- Born: February 11, 1916 Chicago, Illinois
- Died: March 21, 1999 (aged 83)
- Education: Loyola University Chicago
- Occupation: Product designer
- Known for: First woman to receive the IDSA Personal Recognition Award

= Ellen Manderfield =

American designer (1916–1999)

Ellen B. Manderfield (February 11, 1916 – March 21, 1999) was an American industrial designer. She was the first female member of IDSA, also known as the American Society of Industrial Designers. She was also the first woman to receive the IDSA Personal Recognition Award in 1992.

== Early life ==
Manderfield was born in Chicago. Her father introduced her to woodworking, but told her that furniture design was an unsuitable profession for a woman. She went into commercial graphic art instead, graduating from Loyola University Chicago, followed by advanced study at a commercial art school, which she completed in 1939.

== Career ==
During the early years of her career, Manderfield worked on packaging and graphics. Her first proper industrial design job was at Colonial Radio Corporation, where she worked on designs for televisions, radio receivers, and record players. She eventually supervised a staff of seven, working in particular on prototypes of portable receivers. In 1947, she was hired by Montgomery Ward, where she worked under Anne Swainson, along with a number of other noted women designers. Until 1951, she designed various appliances for the company, ranging from sewing machines to lawn mowers and accordions. The range of styles in her early years covered most of the gamut in use in the United States at the time, from Scandinavian modern to early American-inspired style.

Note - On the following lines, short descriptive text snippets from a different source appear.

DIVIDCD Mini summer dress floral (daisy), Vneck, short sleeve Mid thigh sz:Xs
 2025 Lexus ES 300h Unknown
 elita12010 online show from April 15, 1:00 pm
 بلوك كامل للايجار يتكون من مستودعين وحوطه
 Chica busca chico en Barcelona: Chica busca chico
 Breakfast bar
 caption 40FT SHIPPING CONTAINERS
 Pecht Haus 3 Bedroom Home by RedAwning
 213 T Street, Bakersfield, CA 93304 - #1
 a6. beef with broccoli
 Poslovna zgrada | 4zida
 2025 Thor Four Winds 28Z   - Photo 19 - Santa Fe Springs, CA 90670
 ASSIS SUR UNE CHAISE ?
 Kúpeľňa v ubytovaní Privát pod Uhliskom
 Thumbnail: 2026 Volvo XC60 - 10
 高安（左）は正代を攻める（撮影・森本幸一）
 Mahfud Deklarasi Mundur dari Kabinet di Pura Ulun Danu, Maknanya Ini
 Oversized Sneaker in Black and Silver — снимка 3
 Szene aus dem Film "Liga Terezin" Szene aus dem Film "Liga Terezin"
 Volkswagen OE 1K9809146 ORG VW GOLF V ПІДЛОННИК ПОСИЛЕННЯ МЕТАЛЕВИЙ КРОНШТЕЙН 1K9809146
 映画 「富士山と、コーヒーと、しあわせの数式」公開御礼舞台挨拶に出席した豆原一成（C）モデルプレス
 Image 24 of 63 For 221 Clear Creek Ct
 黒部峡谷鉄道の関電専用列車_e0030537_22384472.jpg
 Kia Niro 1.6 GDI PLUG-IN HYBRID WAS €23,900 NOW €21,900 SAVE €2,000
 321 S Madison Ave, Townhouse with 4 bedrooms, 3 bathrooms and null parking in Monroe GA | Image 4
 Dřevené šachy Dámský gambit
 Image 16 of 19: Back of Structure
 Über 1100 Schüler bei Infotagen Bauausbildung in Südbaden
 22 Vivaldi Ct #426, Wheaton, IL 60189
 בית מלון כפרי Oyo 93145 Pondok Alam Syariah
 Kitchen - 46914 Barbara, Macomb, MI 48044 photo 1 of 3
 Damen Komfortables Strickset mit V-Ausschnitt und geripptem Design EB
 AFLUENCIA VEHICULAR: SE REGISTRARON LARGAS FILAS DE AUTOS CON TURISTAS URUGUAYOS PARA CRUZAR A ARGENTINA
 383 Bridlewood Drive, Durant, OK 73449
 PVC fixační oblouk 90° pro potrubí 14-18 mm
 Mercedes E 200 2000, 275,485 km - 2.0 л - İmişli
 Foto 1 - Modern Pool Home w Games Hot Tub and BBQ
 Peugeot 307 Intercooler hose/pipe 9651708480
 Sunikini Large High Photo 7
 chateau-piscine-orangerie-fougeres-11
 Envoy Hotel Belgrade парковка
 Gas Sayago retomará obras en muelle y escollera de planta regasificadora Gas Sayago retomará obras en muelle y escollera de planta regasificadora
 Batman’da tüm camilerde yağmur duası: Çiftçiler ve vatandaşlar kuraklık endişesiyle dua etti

She worked at General Electric, at Syracuse, New York, from 1951 to 1956. While her husband was based in Chicago at the time, she did not join him there but commuted regularly to Chicago. During her time in Syracuse, she was among the founders of the local branch of the Industrial Design Institute. From 1956 to her retirement in 1986, she worked at Oneida Silversmiths, designing metal flatware and plastic dishware. She was active in professional organisations, becoming the first female member of the new Industrial Designers Society of America in 1957, and the first woman to receive its Personal Recognition Award during her retirement, in 1992.

==Exhibitions==
Several museums hold her designs, including the Museum of Modern Art, which obtained her Oneida "Omni" design of stainless steel flatware in 1979, while she was still active.